The average could be arithmetic or geometric, which is configurable. \(N\) is the number of discrete steps from \(0\) to \(T\).

Arithmetic average: \(A(T) = \frac{\sum_{i=0}^N S_i}{N}\)

Geometric average: \(A(T) = \sqrt[n]{\prod_{i=0}^N S_i}\)

MCAsianAPEngine

The pricing process of Asian Arithmetic Pricing engine is as follows:

  1. Generate independent stock paths by using Mersenne Twister Uniform MT19937 Random Number Generator (RNG) followed by Inverse Cumulative Normal Uniform Random Numbers.
  2. Start at \(t = 0\) and calculate the stock price of each path firstly in order to achieve initiation interval (II) = 1.
  3. Calculate arithmetic average and geometric average value of each path.
\[Price_{Arithmetic} = \frac{1}{M+1} * \sum_{i=0}^{M} (S(i\Delta t))\]
\[Price_{Geometric} = exp{( \frac{1}{M+1} * \sum_{i=0}^{M} (\log{S(i\Delta t)}) )}\]
  1. Calculate the payoff difference of arithmetic average price and geometric average price.
\[Payoff_{gap} = \max(0,Strike - Price_{Arithmetic}) - \max(0,Price_{Geometric} - Strike)\> for \> put \> options\]
\[Payoff_{gap} = \max(Strike - Price_{Arithmetic}, 0) - \max(Price_{Geometric} - Strike, 0)\> for \> call \> options\]
  1. Calculate the payoff off of geometric average price \(Payoff_{ref}\) based on analytical method.
  2. Payoff of average pricing is \(Payoff = Payoff_{ref} + Payoff_{gap}\)

The pricing architecture on FPGA can be shown as the following figure:

McAsianAPEngine pricing architecture on FPGA

MCAsianASEngine

The pricing process of Asian Arithmetic Strike engine is as follows:

  1. Generate independent stock paths by using Mersenne Twister Uniform MT19937 Random Number Generator (RNG) followed by Inverse Cumulative Normal Uniform Random Numbers.
  2. Start at \(t = 0\) and calculate the stock price of each path firstly in order to achieve II = 1.
  3. Accumulate the sum of lognormal stock price using the following analytical solution.
\[Price_{Arithmetic} = \frac{1}{M} * \sum_{i=0}^{M-1} (S_0*exp((i+1)*\]
\[(riskFreeRate - dividend - 0.5 * volatility^2)*dt + \sum_{j=0}^{i} volatility*\sqrt{dt}*dw_j))\]

where \(M\) is the total timesteps, \(dt\) is the time interval 4. Calculate the final payoff by taking the strike price \(Strike_t\) as the previous arithmetic average price \(\frac{\sum_{j=0}^i S_j}{M}\).

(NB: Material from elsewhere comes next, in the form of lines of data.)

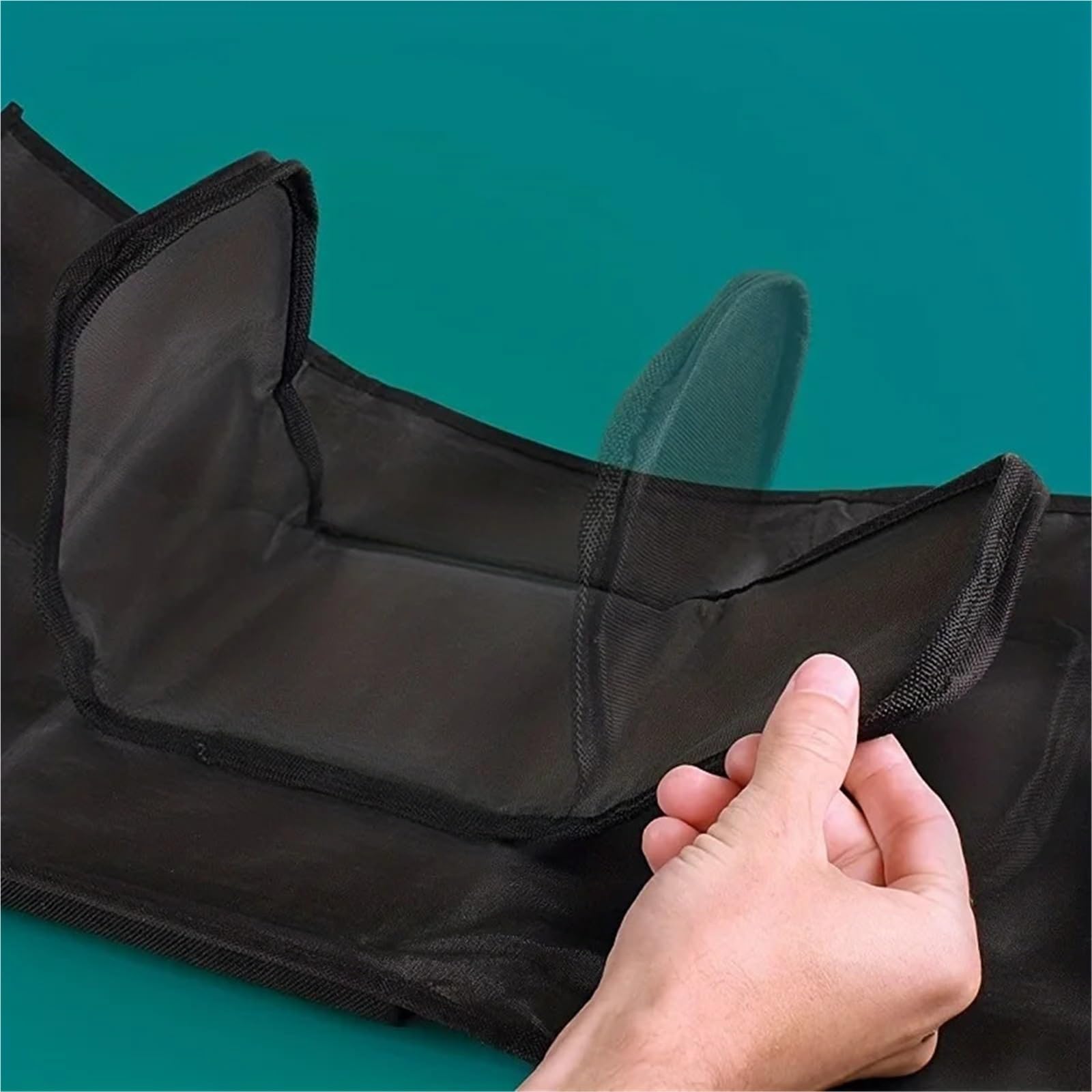Organizador Antideslizante for reposabrazos de sofá, sillón Caddy, Almacenamiento for cabecera Cama, Bolsillo for TV, Soporte Remoto, Bolsa for, teléfono móvil para Sofá(Gray)
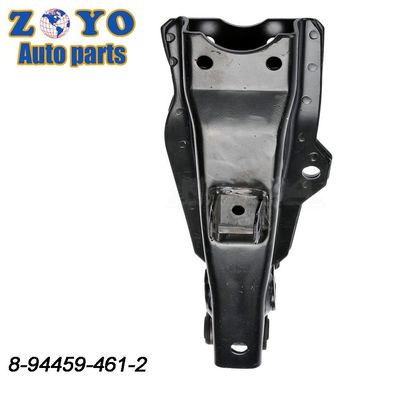 1995 Isuzu Pickup Front Lower Control Arm Effectieve vervanging van ophanging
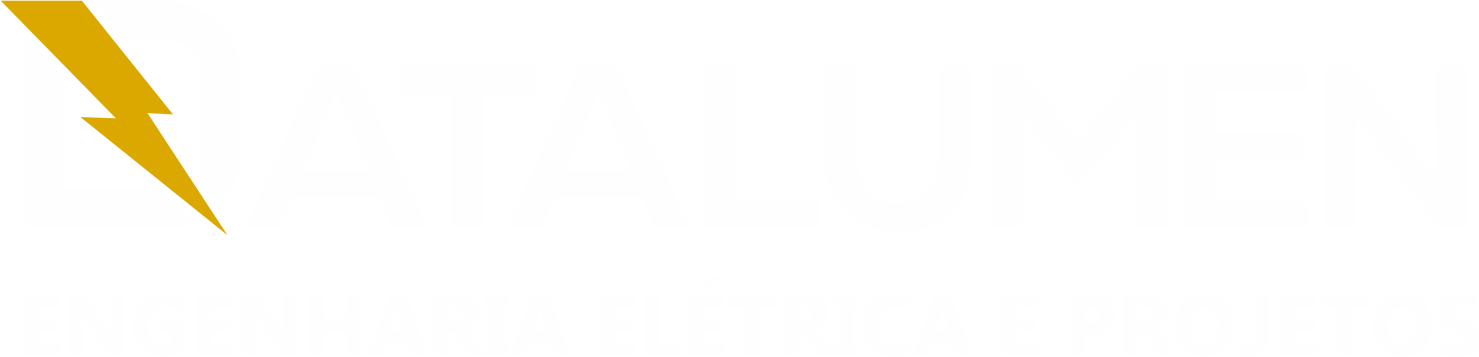 Datalumen – Engenharia Elétrica e Projetos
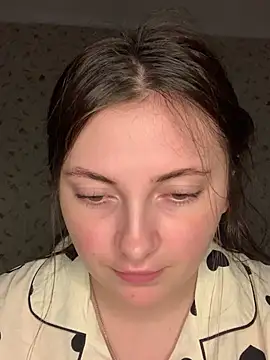 fairy365 online show from March 9, 2026, 4:21 pm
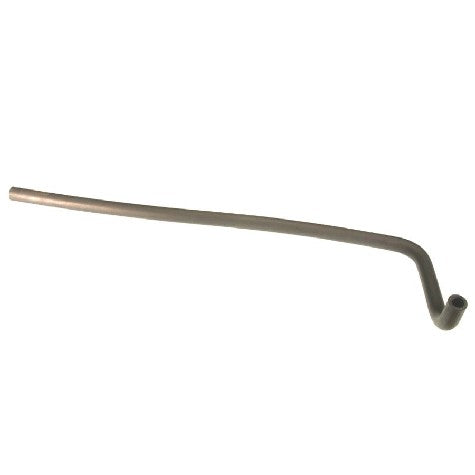 Cooling System Components Gates 18914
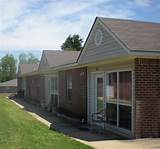 Columbus Low Income Housing Pictures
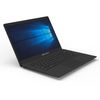 Portátil Voom Laptop Max Intel Celeron N3350/ 6gb/ 64gb Emmc/ 14.1"/ Win10/ Negro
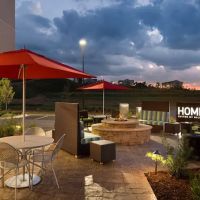 Home2 Suites by Hilton Grovetown Augusta Area ico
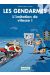 Les gendarmes tome 14 - l'imitation de vitesse !
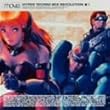 HYPER TECHNO MIX REVOLUTION I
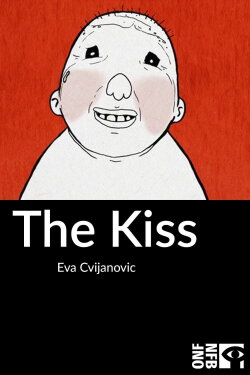 The Kiss (2011) The Kiss (2011)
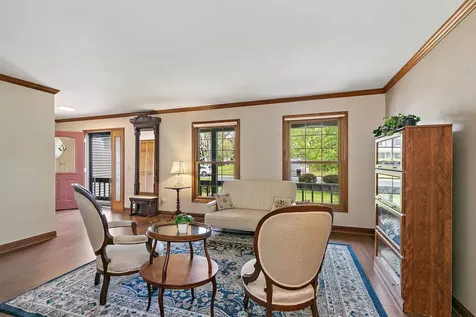 500 Essex Road Fox River Grove IL 60021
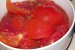 Stiuca in sos de rosii , cu cartofi prajiti-6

\[Payoff = \max(0,Strike_t - Price_t) \> for \> call \> options\]
\[Payoff = \max(0,Price_t - Strike_t) \> for \> put \> options\]

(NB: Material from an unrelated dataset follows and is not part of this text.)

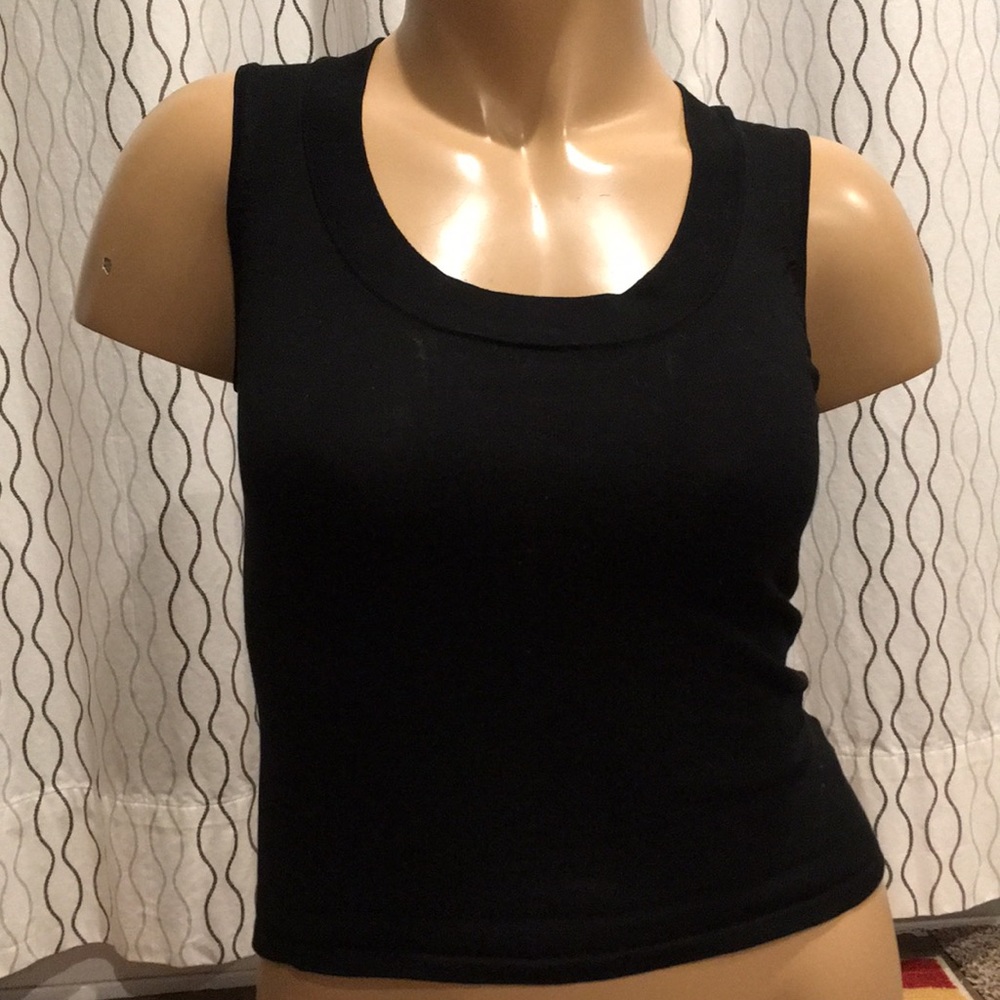 🦋Women’s top🦋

The pricing architecture on FPGA can be shown as the following figure:

McAsianASEngine pricing architecture on FPGA

MCAsianGPEngine

The pricing process of Asian Geometric Pricing engine is as follows:

  1. Generate independent stock paths by using Mersenne Twister Uniform MT19937 Random Number Generator (RNG) followed by Inverse Cumulative Normal Uniform Random Numbers.
  2. Start at \(t = 0\) and calculate the stock price of each path firstly in order to achieve II = 1.
  3. Transfer the geometric average of stock price to sum of lognormal stock price.
  4. Accumulate the sum of lognormal stock price using the following analytical solution.
\[Price_{Geometric} = S_0*exp((riskFreeRate - dividend - 0.5*volatility^2)dt)^\frac{n+1}{2} *\]
\[exp(\sum_{i=0}^{n-1} \frac{n-i}{n}*volatility*\sqrt{dt}*dw_i)\]
  1. Calculate the final payoff by using a fixed strike price.
\[Payoff = \max(0,Strike - Price_t) \> for \> call \> options\]
\[Payoff = \max(0,Price_t - Strike) \> for \> put \> options\]

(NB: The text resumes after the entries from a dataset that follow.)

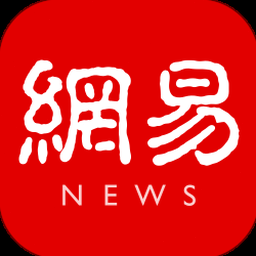 托特纳姆新闻下载网站 软件封面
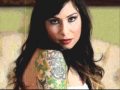 Pitty - De Você (letra)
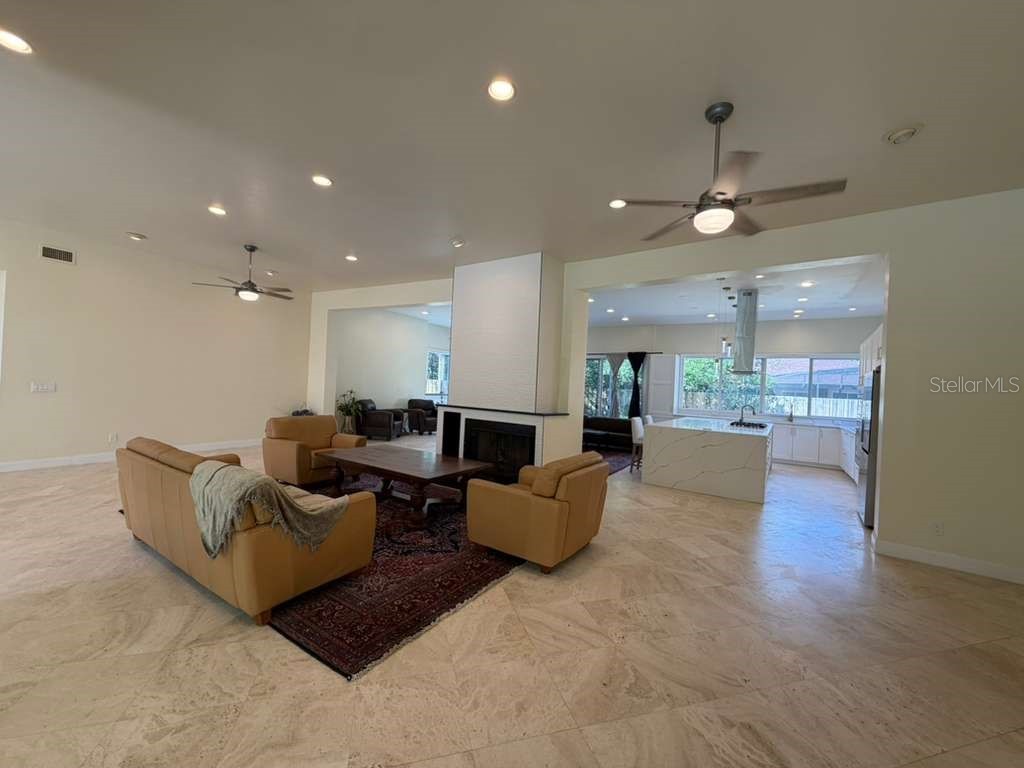 672 Mossy Branch Court Longwood FL 32779 O6355385 image14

The pricing architecture on FPGA can be shown as the following figure:

McAsianGPEngine pricing architecture on FPGA

Note

The 3 figures above shows the pricing part of McAsianAPEngine, McAsianASEngine and McAsianGPEngine respectively; the other parts, for example, PathGenerator, MCSimulation and other modules, are the same as in MCEuropeanEngine.

Profiling

The hardware resources are listed in Table 4. The Arithmetic and Geometric Asian Engines demand similar amount of resources.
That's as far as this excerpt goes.